What you are asked to do -> In the data below, reproduce everything exactly except the images.

Stored data ->
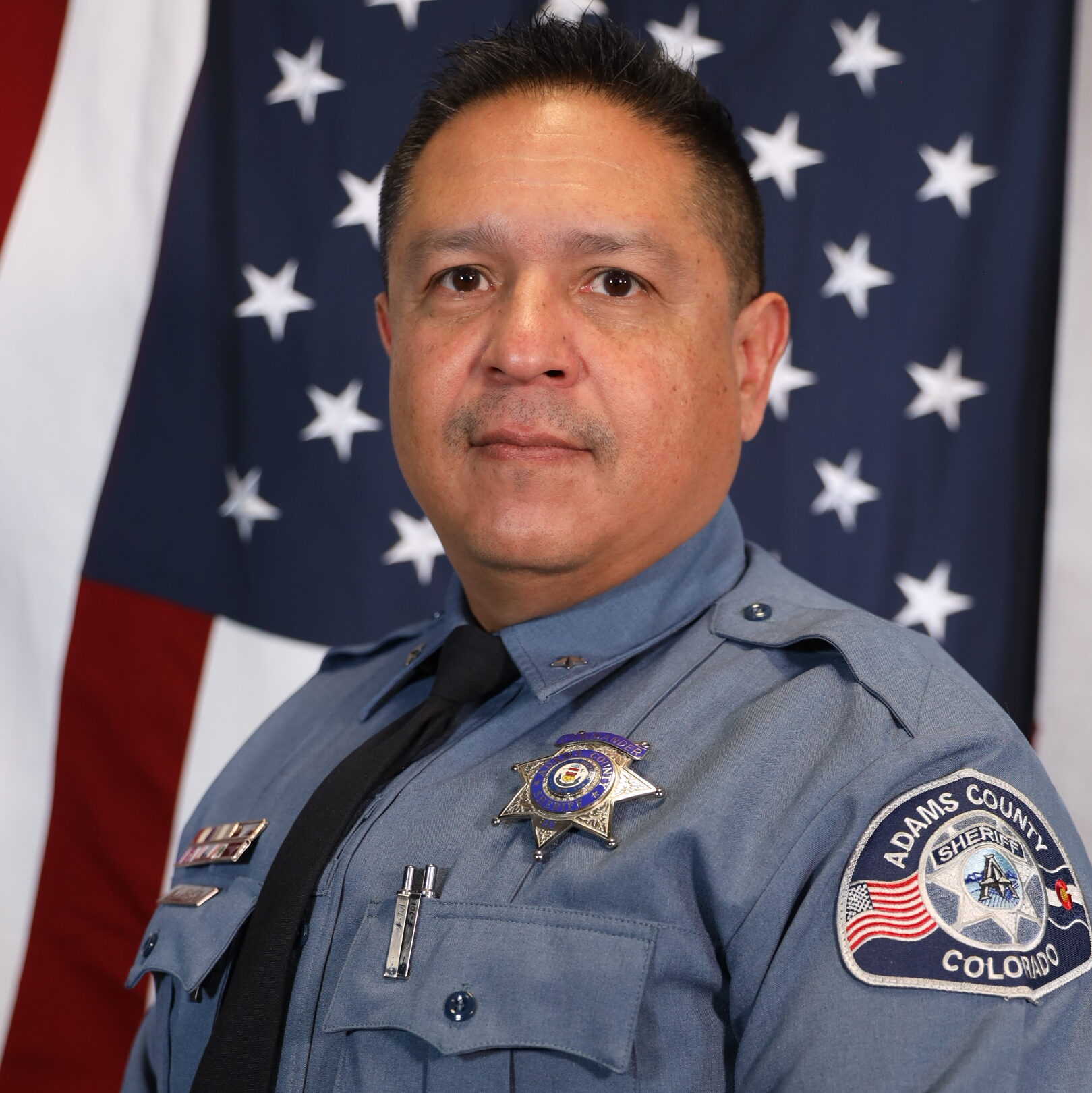 Aragon Manuel in uniform stands before an American flag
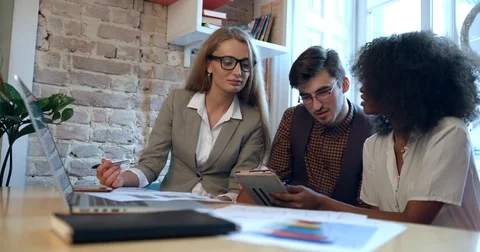 Side view of the team work of three multirace businesspeople discussing problems Stock Footage 84041306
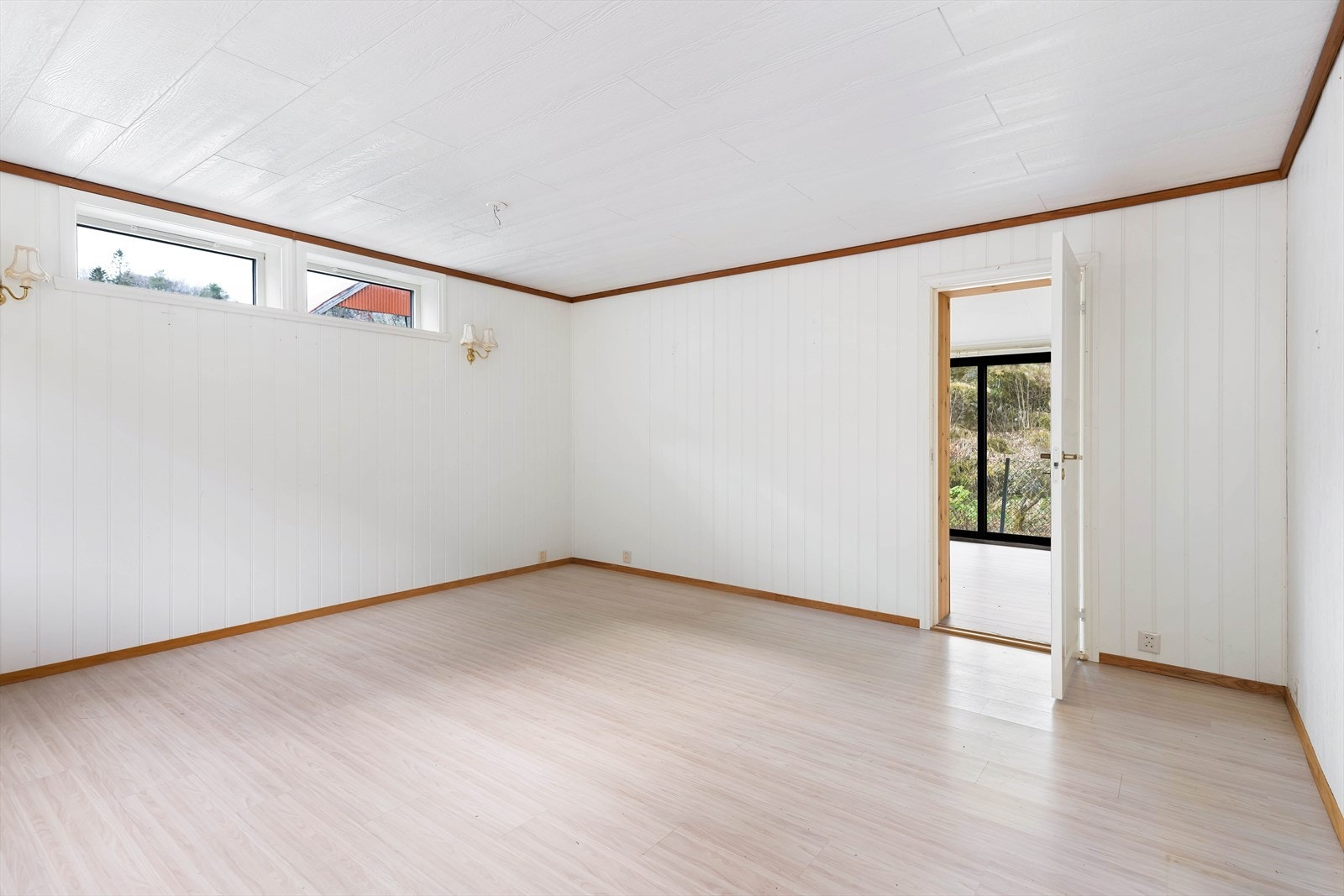 Gulv med laminat og vegger med panel gir en praktisk overflate i stuen. Galleribilde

Solved problem ->
 Aragon Manuel in uniform stands before an American flag
 Side view of the team work of three multirace businesspeople discussing problems Stock Footage 84041306
 Gulv med laminat og vegger med panel gir en praktisk overflate i stuen. Galleribilde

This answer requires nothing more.